L’héritier moderne des Originaux et détraqués de Fréchette est le personnage du « gars qui a un bon boss » d’Yvon Deschamps. Sa mise à mort sur scène, orchestrée par son créateur, demeure un moment clé de l’évolution de la conscience comique au Québec. Deschamps a expliqué qu’il devait mettre fin aux jours de ce type de personnage parce qu’il ne lui permettait plus de traduire le « presque pays » qu’était devenu le Québec.

L’apolitisme exacerbé de l’industrie contemporaine de l’humour est non seulement l’illustration et la confirmation du retour au statu quo ante referendum, mais sa conséquence première. Le rire ne peut être politique que lorsque le Québec se veut souverain ou indépendant.

En 1900-1901, Fréchette trempe sa plume dans la même encre vagabonde que celle de ses Originaux et détraqués pour publier en feuilleton, dans Le Monde Illustré, ses souvenirs d’enfance. Ils ne seront réunis en volume que soixante ans plus tard, sous le titre de Mémoires intimes.
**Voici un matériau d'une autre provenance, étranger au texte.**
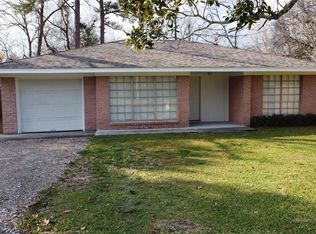 1613 Lakeland Dr, Liberty, TX 77575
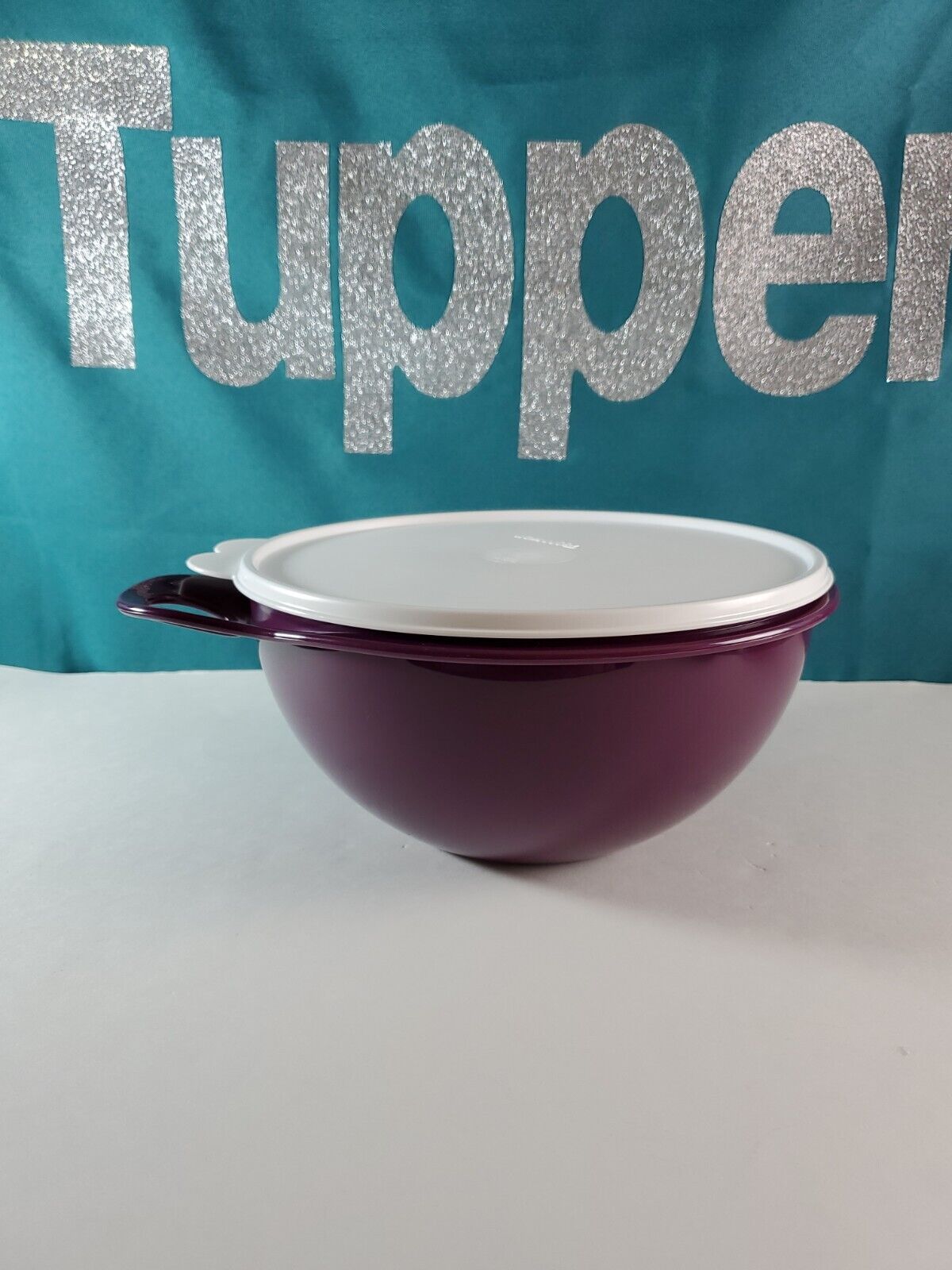 Tupperware Thatsa Jr Mixing Bowl 2.8 L / 12 cup Dark Purple With White Seal New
Dans les années suivantes, il prépare la publication de ses œuvres complètes, en 16 tomes. Elles ne trouveront un éditeur preneur, Beauchemin, qu’en 1908. Et encore pour les seuls trois premiers tomes, qu’il ne verra pas paraître.

La même année, le slogan libéral de la campagne électorale fédérale claironne sur toutes les tribunes : « Laissez Laurier parachever son œuvre ! » Qui est de créer le Canada au détriment du Québec.

L’homme « à la parole d’argent » s’adonne cette fois à l’envolée lyrique. « Le printemps a fait place aux neiges de l’hiver, s’épanche-t-il, mais quoi qu’il en soit des ravages du temps, mon cœur est encore jeune ».

Celui de Louis Fréchette s’est arrêté le 30 mai. Il avait écrit : « Quand le terme viendra de ma course éphémère / je pencherai ma tête et je m’endormirai ».

Atteint subitement d’une congestion cérébrale, l’homme de contes et de lettres s’est effondré sur la pelouse de l’Institut des Sourdes-Muettes, où il s’était retiré avec sa fem­me.

Dans sa main, le poète tenait un joli bouquet de fleurs pour elle.